Transcribe the entire listing, keeping each word as it is.

START THE DATA

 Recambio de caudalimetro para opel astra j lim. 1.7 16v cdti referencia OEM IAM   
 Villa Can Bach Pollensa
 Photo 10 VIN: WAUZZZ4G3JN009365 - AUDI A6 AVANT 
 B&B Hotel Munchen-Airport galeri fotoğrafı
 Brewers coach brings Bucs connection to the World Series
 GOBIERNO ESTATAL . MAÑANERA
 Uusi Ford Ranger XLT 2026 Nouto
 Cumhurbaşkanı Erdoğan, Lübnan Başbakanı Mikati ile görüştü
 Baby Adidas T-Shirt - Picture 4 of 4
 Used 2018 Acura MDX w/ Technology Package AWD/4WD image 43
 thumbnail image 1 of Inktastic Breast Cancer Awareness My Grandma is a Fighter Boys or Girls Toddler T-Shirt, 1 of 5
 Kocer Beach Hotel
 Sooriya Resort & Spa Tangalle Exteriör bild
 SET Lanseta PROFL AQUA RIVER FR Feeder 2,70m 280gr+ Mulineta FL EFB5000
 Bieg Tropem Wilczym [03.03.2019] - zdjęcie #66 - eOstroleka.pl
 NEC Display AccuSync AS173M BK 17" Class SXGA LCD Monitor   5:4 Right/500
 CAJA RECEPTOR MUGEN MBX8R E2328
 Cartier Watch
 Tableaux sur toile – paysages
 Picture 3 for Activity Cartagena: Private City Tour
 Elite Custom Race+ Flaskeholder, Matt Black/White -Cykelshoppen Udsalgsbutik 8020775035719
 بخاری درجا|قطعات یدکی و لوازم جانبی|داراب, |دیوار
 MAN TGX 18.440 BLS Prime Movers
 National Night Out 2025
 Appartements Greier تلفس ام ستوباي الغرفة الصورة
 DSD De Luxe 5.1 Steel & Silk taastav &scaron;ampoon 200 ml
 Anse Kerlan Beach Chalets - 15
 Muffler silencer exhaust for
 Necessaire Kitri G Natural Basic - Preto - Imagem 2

END THE DATA

## TASK SOLUTION
 Recambio de caudalimetro para opel astra j lim. 1.7 16v cdti referencia OEM IAM   
 Villa Can Bach Pollensa
 Photo 10 VIN: WAUZZZ4G3JN009365 - AUDI A6 AVANT 
 B&B Hotel Munchen-Airport galeri fotoğrafı
 Brewers coach brings Bucs connection to the World Series
 GOBIERNO ESTATAL . MAÑANERA
 Uusi Ford Ranger XLT 2026 Nouto
 Cumhurbaşkanı Erdoğan, Lübnan Başbakanı Mikati ile görüştü
 Baby Adidas T-Shirt - Picture 4 of 4
 Used 2018 Acura MDX w/ Technology Package AWD/4WD image 43
 thumbnail image 1 of Inktastic Breast Cancer Awareness My Grandma is a Fighter Boys or Girls Toddler T-Shirt, 1 of 5
 Kocer Beach Hotel
 Sooriya Resort & Spa Tangalle Exteriör bild
 SET Lanseta PROFL AQUA RIVER FR Feeder 2,70m 280gr+ Mulineta FL EFB5000
 Bieg Tropem Wilczym [03.03.2019] - zdjęcie #66 - eOstroleka.pl
 NEC Display AccuSync AS173M BK 17" Class SXGA LCD Monitor   5:4 Right/500
 CAJA RECEPTOR MUGEN MBX8R E2328
 Cartier Watch
 Tableaux sur toile – paysages
 Picture 3 for Activity Cartagena: Private City Tour
 Elite Custom Race+ Flaskeholder, Matt Black/White -Cykelshoppen Udsalgsbutik 8020775035719
 بخاری درجا|قطعات یدکی و لوازم جانبی|داراب, |دیوار
 MAN TGX 18.440 BLS Prime Movers
 National Night Out 2025
 Appartements Greier تلفس ام ستوباي الغرفة الصورة
 DSD De Luxe 5.1 Steel & Silk taastav &scaron;ampoon 200 ml
 Anse Kerlan Beach Chalets - 15
 Muffler silencer exhaust for
 Necessaire Kitri G Natural Basic - Preto - Imagem 2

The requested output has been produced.